What you return must match the listing below line for line, minus its pictures.

▸ **Data**
BEGIN
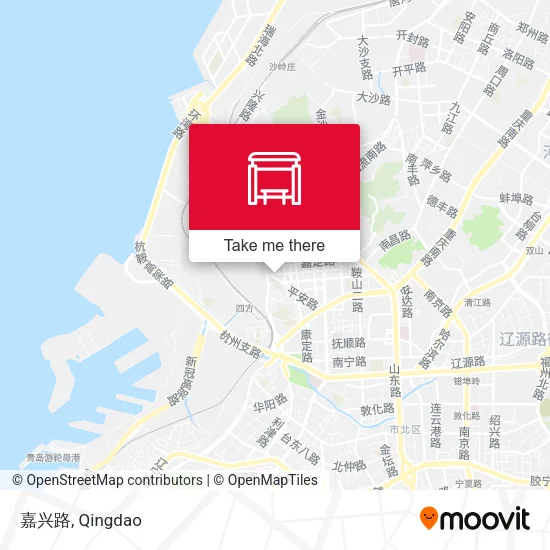 嘉兴路 map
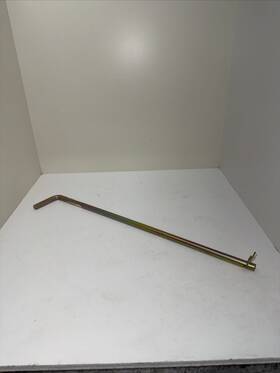 D6563 Snow Ex Bent Pin For Salt Spreader 1-2 X 20 Inch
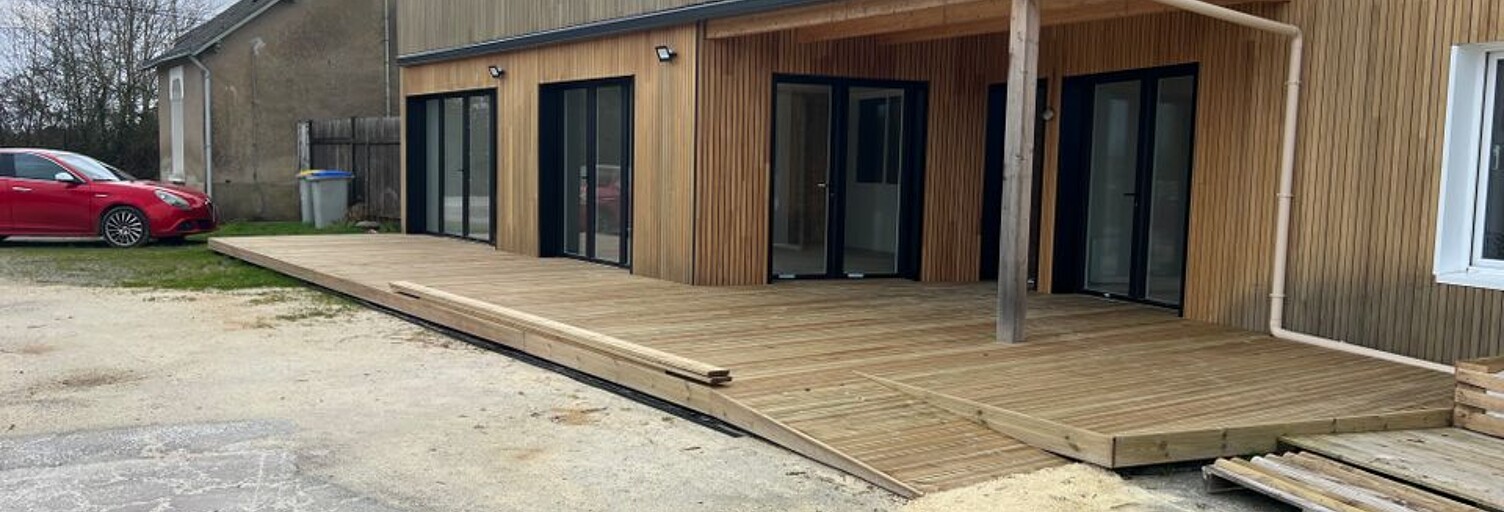 Maison 6 Pièces 160 m² à louer à Brains (44830)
END
▸ **Result for this exercise**
 嘉兴路 map
 D6563 Snow Ex Bent Pin For Salt Spreader 1-2 X 20 Inch
 Maison 6 Pièces 160 m² à louer à Brains (44830)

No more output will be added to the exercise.